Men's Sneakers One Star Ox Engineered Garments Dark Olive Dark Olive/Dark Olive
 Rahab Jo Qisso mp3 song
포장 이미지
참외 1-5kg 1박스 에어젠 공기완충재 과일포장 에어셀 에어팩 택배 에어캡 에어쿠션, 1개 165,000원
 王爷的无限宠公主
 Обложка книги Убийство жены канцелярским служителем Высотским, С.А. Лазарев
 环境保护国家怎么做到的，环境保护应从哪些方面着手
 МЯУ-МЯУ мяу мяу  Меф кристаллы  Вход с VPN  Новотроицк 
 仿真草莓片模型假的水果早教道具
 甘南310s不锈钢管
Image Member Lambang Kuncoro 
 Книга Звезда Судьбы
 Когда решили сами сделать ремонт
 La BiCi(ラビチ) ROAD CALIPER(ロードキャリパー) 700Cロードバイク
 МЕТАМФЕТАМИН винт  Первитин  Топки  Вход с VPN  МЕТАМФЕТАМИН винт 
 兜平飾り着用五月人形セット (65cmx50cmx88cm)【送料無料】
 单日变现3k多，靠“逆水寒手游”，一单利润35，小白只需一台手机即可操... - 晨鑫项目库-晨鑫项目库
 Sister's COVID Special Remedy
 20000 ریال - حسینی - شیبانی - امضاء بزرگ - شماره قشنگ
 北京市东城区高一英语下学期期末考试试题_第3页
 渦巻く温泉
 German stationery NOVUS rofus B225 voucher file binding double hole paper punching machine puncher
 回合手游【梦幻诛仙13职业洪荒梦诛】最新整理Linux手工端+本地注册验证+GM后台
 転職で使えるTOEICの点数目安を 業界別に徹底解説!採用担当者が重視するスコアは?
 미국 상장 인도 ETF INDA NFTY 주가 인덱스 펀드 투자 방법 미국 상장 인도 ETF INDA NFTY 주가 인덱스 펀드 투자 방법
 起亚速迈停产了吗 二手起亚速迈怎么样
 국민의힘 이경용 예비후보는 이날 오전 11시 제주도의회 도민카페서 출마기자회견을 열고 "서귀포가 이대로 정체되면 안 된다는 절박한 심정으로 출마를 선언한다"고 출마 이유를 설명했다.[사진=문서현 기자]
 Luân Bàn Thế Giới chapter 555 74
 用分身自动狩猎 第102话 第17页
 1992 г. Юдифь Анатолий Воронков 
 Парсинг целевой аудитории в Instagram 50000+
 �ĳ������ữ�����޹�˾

════════════════════

WORK TASK
The entire listing is to be printed once more, word for word.

ANSWER SECTION
Men's Sneakers One Star Ox Engineered Garments Dark Olive Dark Olive/Dark Olive
 Rahab Jo Qisso mp3 song
포장 이미지
참외 1-5kg 1박스 에어젠 공기완충재 과일포장 에어셀 에어팩 택배 에어캡 에어쿠션, 1개 165,000원
 王爷的无限宠公主
 Обложка книги Убийство жены канцелярским служителем Высотским, С.А. Лазарев
 环境保护国家怎么做到的，环境保护应从哪些方面着手
 МЯУ-МЯУ мяу мяу  Меф кристаллы  Вход с VPN  Новотроицк 
 仿真草莓片模型假的水果早教道具
 甘南310s不锈钢管
Image Member Lambang Kuncoro 
 Книга Звезда Судьбы
 Когда решили сами сделать ремонт
 La BiCi(ラビチ) ROAD CALIPER(ロードキャリパー) 700Cロードバイク
 МЕТАМФЕТАМИН винт  Первитин  Топки  Вход с VPN  МЕТАМФЕТАМИН винт 
 兜平飾り着用五月人形セット (65cmx50cmx88cm)【送料無料】
 单日变现3k多，靠“逆水寒手游”，一单利润35，小白只需一台手机即可操... - 晨鑫项目库-晨鑫项目库
 Sister's COVID Special Remedy
 20000 ریال - حسینی - شیبانی - امضاء بزرگ - شماره قشنگ
 北京市东城区高一英语下学期期末考试试题_第3页
 渦巻く温泉
 German stationery NOVUS rofus B225 voucher file binding double hole paper punching machine puncher
 回合手游【梦幻诛仙13职业洪荒梦诛】最新整理Linux手工端+本地注册验证+GM后台
 転職で使えるTOEICの点数目安を 業界別に徹底解説!採用担当者が重視するスコアは?
 미국 상장 인도 ETF INDA NFTY 주가 인덱스 펀드 투자 방법 미국 상장 인도 ETF INDA NFTY 주가 인덱스 펀드 투자 방법
 起亚速迈停产了吗 二手起亚速迈怎么样
 국민의힘 이경용 예비후보는 이날 오전 11시 제주도의회 도민카페서 출마기자회견을 열고 "서귀포가 이대로 정체되면 안 된다는 절박한 심정으로 출마를 선언한다"고 출마 이유를 설명했다.[사진=문서현 기자]
 Luân Bàn Thế Giới chapter 555 74
 用分身自动狩猎 第102话 第17页
 1992 г. Юдифь Анатолий Воронков 
 Парсинг целевой аудитории в Instagram 50000+
 �ĳ������ữ�����޹�˾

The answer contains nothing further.